In turn magical and menacing, the dramatic peaks of Dartmoor have captivated visitors for hundreds of years. Now more than ever, the wild, open landscape of the moor presents a sanctuary from the real world.
Squint into the distance on a blustery mid-September morning and tiny specks are visible on the ascent to Devon’s best known, though not its highest, craggy outcrop, Haytor. It’s half a mile from the road to the summit, up a long, steep incline to its 457-metre peak. The tiny specks are climbers rigging up to assail it.
Long a favourite of both climbers and hikers, Dartmoor forms the largest area of granite in the UK. Its 160 tors range from the smallest, at just 30m above sea level, to the mighty High Willowhays at 621m high.
On the lower pathways of the moorland below Haytor, the track ranges from rock that nature formed thousands of years ago, to grassy banks and stony paths.
Twelve minutes up, after a breath-sapping sprint to the top, and seated on a stony promontory beside the tor, I’m drinking in 360-degree views of the countryside: to the south east the estuary town of Shaldon, its bridge across the River Teign built with Dartmoor granite and, distantly, to the north the market towns of Tavistock and Okehampton.

This is an ancient landscape. Its barren and craggy terrain once home to the heavy industry that saw rock its from tors sent far afield to build some of Britain’s most iconic monuments like London Bridge, Buckingham Palace, and The British Museum.
Relics from the Stone and Bronze Ages remain here too and on the moor’s eastern side are the remains of three deserted mediaeval settlements: Houndtor, Hutholes and Dinna Clerks which are believed to date back to the 13th Century.
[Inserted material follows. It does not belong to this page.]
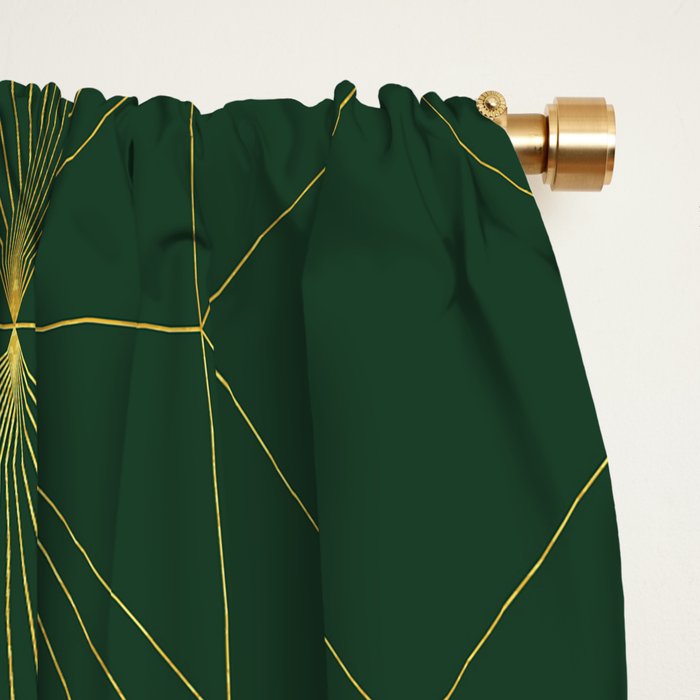 Beautiful Art Deco Pattern Window Curtain Gallery Image 2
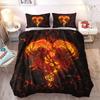 Ice And Fire Riding Horse Duvet Cover Set King SizeFlame Horsing Bedding SetWestern Cowboy Exotic Farmhouse Comforter Cover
This is a place where history lives on, and where children may walk among the ruins and explore the past that still stands before them.
Starting close to the foot of Haytor The Templar Way is a, flat easy walking route that runs from the southern section of the moor to Teignmouth and the sea. Eighteen miles long, it takes the name of 19th Century quarry manager George Templar who designed a tramway to move rock from the heights of the moor to the sea for transport. Unused now for 100 years, it celebrated the 200thanniversary of its construction in 2020 and though nature may have largely reclaimed it with gorse and bracken, its tracks and points can still be seen.
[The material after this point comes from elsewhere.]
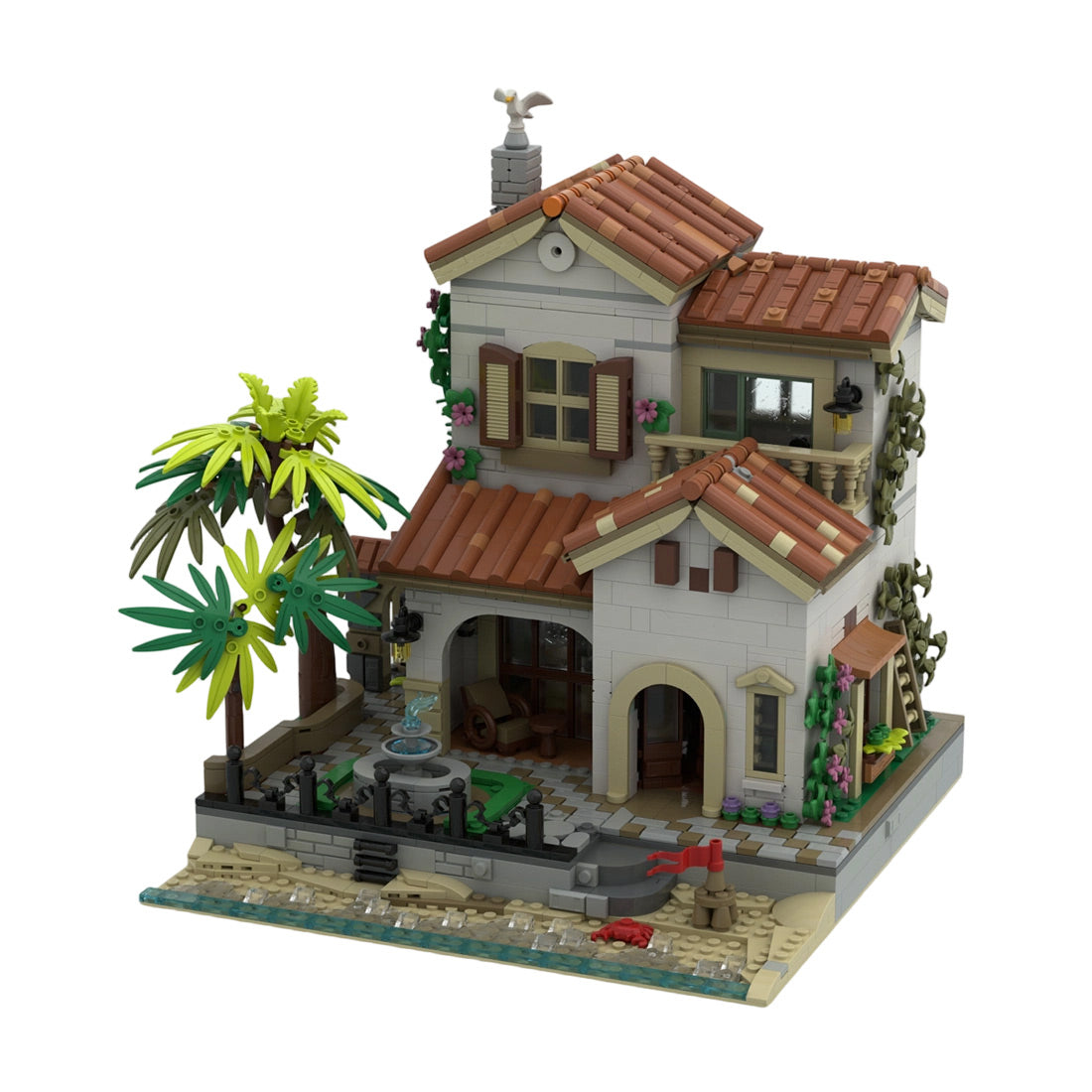MOC-262153 Riviera Coastal Residence Klemmbausteine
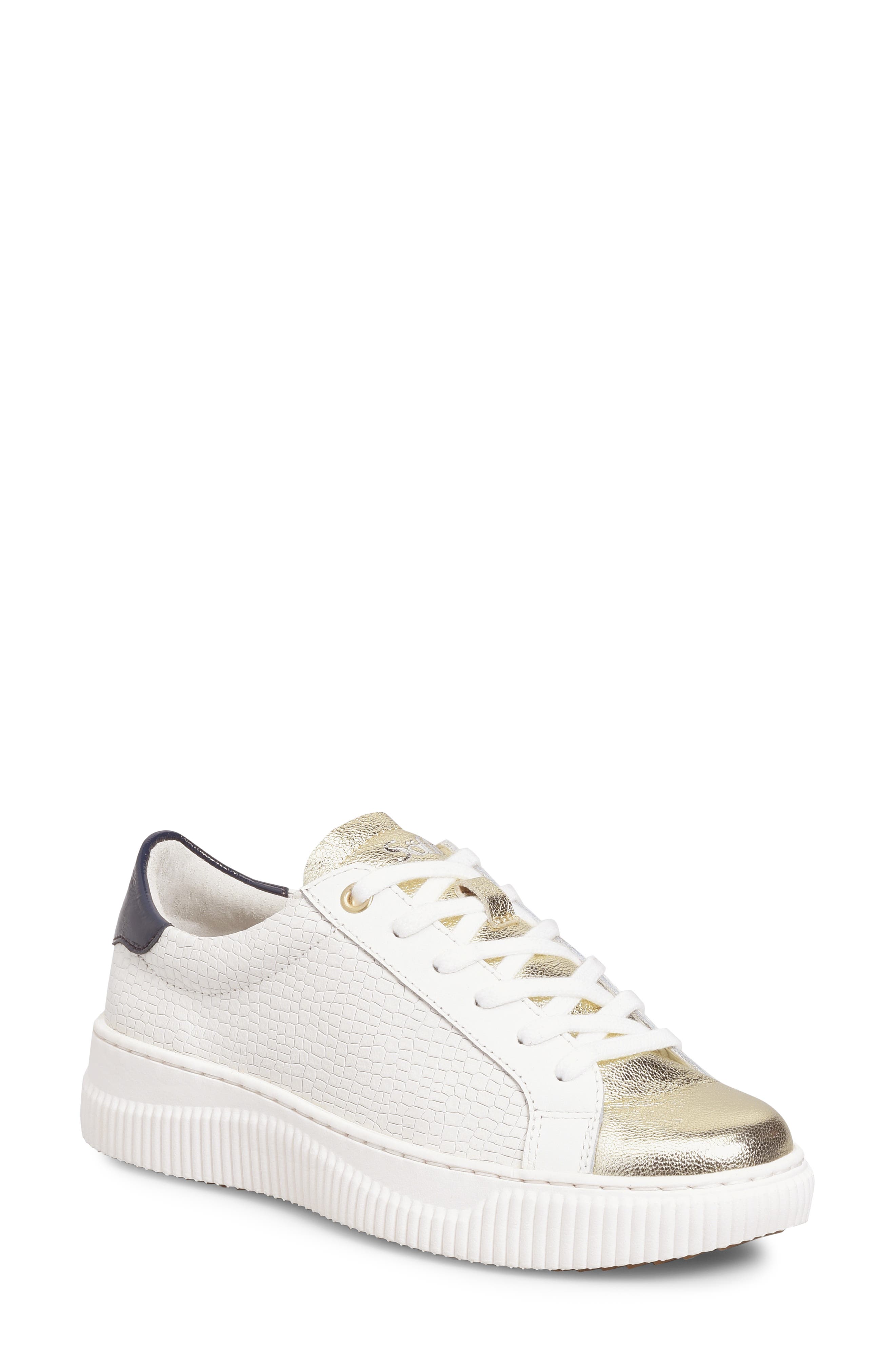 Söfft Fianna Sneaker, Main, color, White/ Platino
Today over 34,000 people live on the moor. Records from 1950 show that human numbers were then matched by a similar sized population of Dartmoor ponies, but their number has dropped so dramatically it is thought there may be as few as 1,500 left. Though they roam freely the ponies are not wild but owned by farmers with grazing rights on the moor. These beautiful, hardy creatures thrive in the changing moorland climate, their dark thick coats protecting them from both winter’s chill and the summer sun. They share the grazing pasture with cows, breeds that include the South Devon, gentle animals with a light red curly coat who share the hardy characteristics of their companions the Dartmoor pony.

The rugged, uncompromising beauty of this landscape is a contradiction, look in any direction and see how the green rolling hills contrast with the stark barren rock of the tors. Now, through a year when the staycation became cool again, the wild beauty of Dartmoor has provided a place not only to blow away the cobwebs but also to be blown away by dramatic vistas.